Um dos colunistas habituais do Le Monde defendia com bastante cinismo
mas alguma graça que era uma sorte que a maioria dos governos
franceses não cumprisse as promessas eleitorais. O problema é que
essa é uma das razões pelas quais a política e os políticos estão
hoje desacreditados nas democracias ocidentais, ao ponto de abrir
cada vez mais espaço às propostas populistas que se alimentam da
revolta dos eleitores contra o sistema. António Costa é teimoso,
toda a gente sabe. Há promessas que fez que são difíceis de
compreender (por exemplo, as 35 horas ou o IVA da restauração) e
outras acabaram por ser desvirtuadas pelo preço que teve de pagar
aos partidos à sua esquerda. Mas levou a peito o cumprimento de
muitas delas e na noite de sexta-feira enumerou-as uma a uma. O seu
objectivo de médio prazo é provar que há alternativa no quadro
europeu. Colocou a fasquia mais alta e é por aí que será avaliado.
Sabe que os tempos que se avizinham serão mais duros do que os que
decorreram desde a tomada de posse do Governo. A economia
internacional dá sinais preocupantes. A economia europeia ainda não
saiu completamente do risco de estagnação e de deflação. As duas
coisas podem afectar a economia portuguesa, cujo crescimento é vital
para a redução do défice e da dívida. Em Berlim ou no Eurogrupo
ninguém dá mostras de olhar com mais compreensão as infinitas
medidas de austeridade impostas aos países da periferia,
transformadas agora numa ameaça de sanções, que não se percebe se
resultam de uma mera questão ideológica (mais contra este governo,
do que com o que foi responsável pelo desvio do défice), ou de pura
indiferença na aplicação das regras.
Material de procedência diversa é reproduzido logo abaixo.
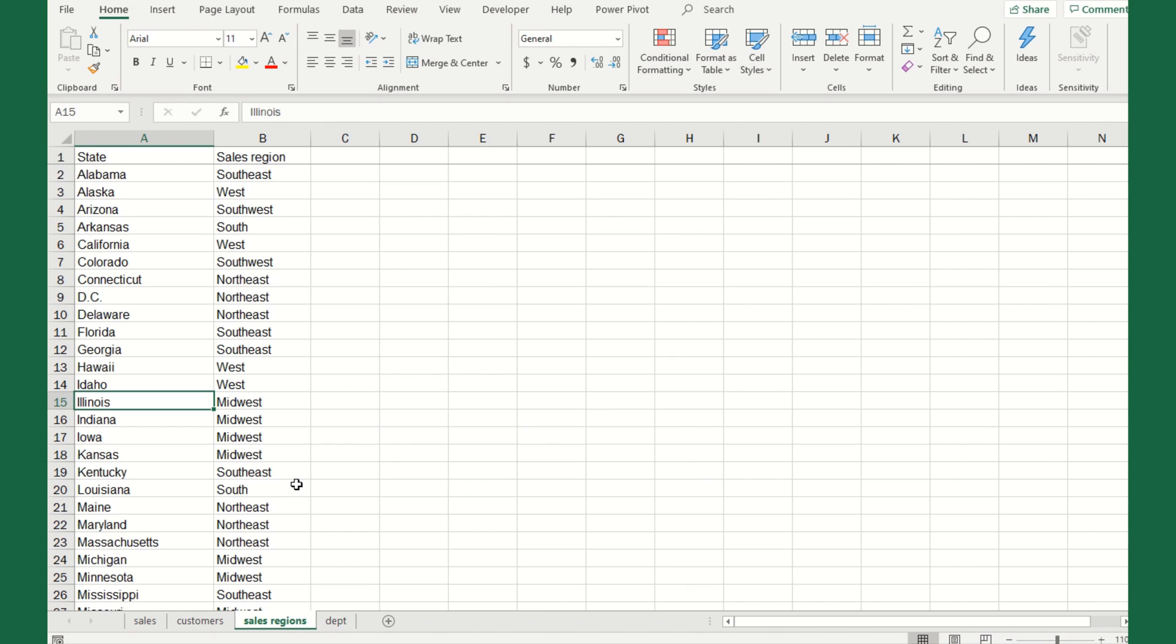From a sales perspective, we have regions around the country. Alabama's in the southeast, California's in the west, Florida's in the southeast. Here we're listing the 50 states along with Washington D.C., and what sales region each one is in. Maybe our boss wants to slice and dice this data by sales region.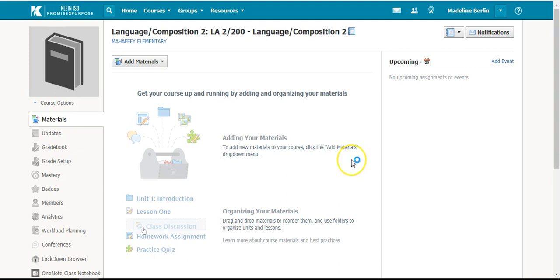And that is how you sync Skyward with the Schoology gradebook. Thank you.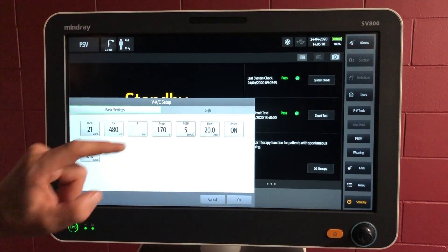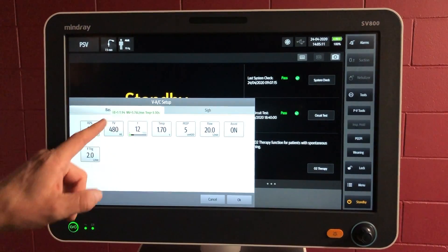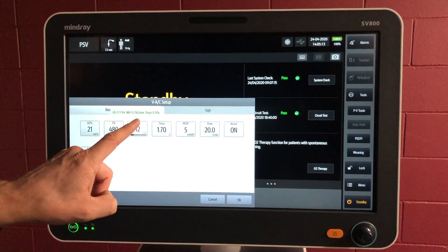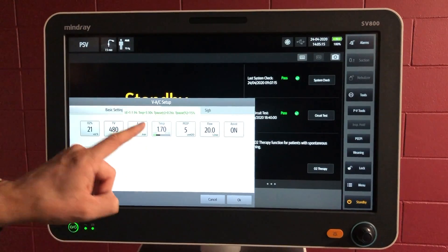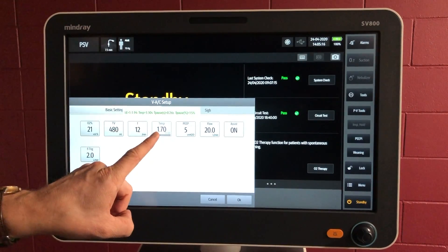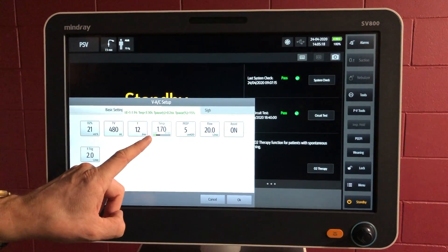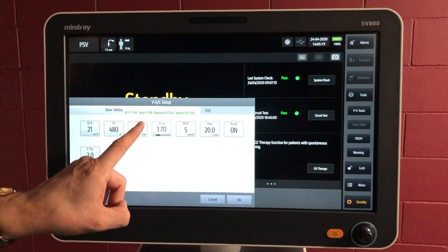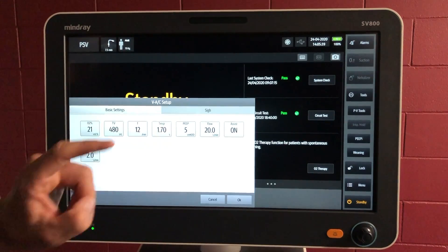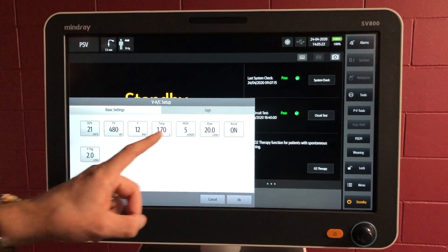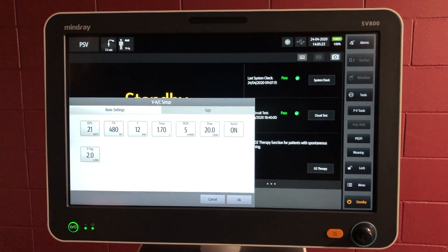Frequency — we can change that, and it'll talk about the IE ratio. If we're looking at the IE time, it'll give you the IE ratio, expiratory time, etc. So there's some extra information when you choose some of these parameters.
O próximo grande desafio do
Governo é percorrer este caminho de obstáculos sem perder a
credibilidade interna nem romper com Bruxelas.
2. E aqui chegamos
ao segundo exercício de risco, este sim verdadeiramente desafiador.
Convidar Pacheco Pereira, Ana Drago e, do lado socialista, Pedro
Silva Pereira para iniciar os trabalhos de ontem com um debate
totalmente livre sobre o futuro do socialismo na Europa, foi tudo o
que os Congressos partidários não costumam ser. Não é só o facto
de a Europa ser a maior fractura política da geringonça. O debate
europeu em Portugal raramente sai dos lugares comuns, limitando-se a
enumerar os grandes princípios do nosso compromisso com a Europa.
Pacheco Pereira, como era previsível, colocou em cima da mesa
questões muito mais difíceis, ainda que fundamentais, e as suas
respostsa não são as do primeiro-ministro. Concordando ou não com
ele, disse muitas coisas que muita gente pensa e que não se atreve a
dizer. Tocou em dois ou três pontos essenciais. A questão da
democracia num quadro de partilha de soberania em que os cidadãos se
confrontam com o facto de o seu voto não ter valor. O papel da
social-democracia nestes tempos conturbados em que a receita europeia
é ditada por um pensamento conservador de direita ao qual, diz ele,
o centro-esquerda se rendeu, abandonando a essência do seu programa
ideológico: combater as desigualdades. A política de “punição”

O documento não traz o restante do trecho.